Historical Setting, 626 C.E. The farm in the Vosges
My prayers throughout this decade and six years have mostly been gratitude. We’ve had no more eulogies for our children, only bits of grieving for the passages of youth. I was last keeping this journal in December of 610. These years have brought subtle transitions. In that span of time my inks and papyrus were spent on tallies of crops and critters and tithes for God’s earthly establishment and for the land itself. Land owners have divided lands and neighbors have set out new fields. Our farm has boundaries and definitive edges now.
Routine gives creativity free play or maybe simply fills the hours. I see my children finding it both ways. Haberd finds a peace in farm chores always knowing what he is doing next, and Brandell uses routine chores for dreaming and scheming and rhyming.
Now our own grand babies fill the loft of our old cottage on the hill.

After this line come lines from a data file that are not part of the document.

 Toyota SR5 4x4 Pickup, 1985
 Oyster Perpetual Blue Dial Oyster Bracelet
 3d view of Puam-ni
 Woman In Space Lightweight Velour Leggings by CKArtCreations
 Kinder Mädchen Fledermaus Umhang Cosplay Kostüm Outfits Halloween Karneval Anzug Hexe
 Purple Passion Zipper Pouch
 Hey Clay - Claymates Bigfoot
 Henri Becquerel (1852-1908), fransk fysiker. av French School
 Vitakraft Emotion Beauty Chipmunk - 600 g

Ana, whose sunshine hair is mingled with silver threads is a little frustrated that I always look the same. Her always blue eyes still shine from a face with her bright smiles and her eternal empathy — a few crinkles of time enhance the smiling of her eyes, so no matter what her mood we still see her deep joy echoed in the lines of lifetime. Her beauty is not just some passing childish whim, it is woven into who she is.

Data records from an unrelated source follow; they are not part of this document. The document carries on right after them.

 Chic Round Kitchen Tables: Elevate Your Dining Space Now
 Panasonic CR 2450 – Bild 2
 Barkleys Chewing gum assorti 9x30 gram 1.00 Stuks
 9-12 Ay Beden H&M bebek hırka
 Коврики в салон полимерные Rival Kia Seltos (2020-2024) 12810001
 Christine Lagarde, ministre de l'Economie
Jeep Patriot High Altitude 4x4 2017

But you know me, as long as I live, I’m always the same changeless age. Maybe it’s due to my strange gift of healing, and life and life again, or maybe everyone, when they reach a certain age just lets the olding stages of their lives go by unmentioned.
So, what of our children through all these years? Our oldest, the twins, Greg and Gabe, are still all about changing the world in their own ways. Gabe is the bird keeper at Luxeuil and Greg is yet wandering the lands to the East with Gaillard. Whenever they learn of wars and politics that could change everything here, they go out as messengers. Once a few years ago, and now, again, they’ve come back to stay a while in Gaul.
Gaillard’s family has released him from his obligation for an heir so now only family titles are broken by his bond with Greg. Unbroken is his family’s love. I commend the nobility of Metz for the wisdom to see love as a priority. Thank you, God.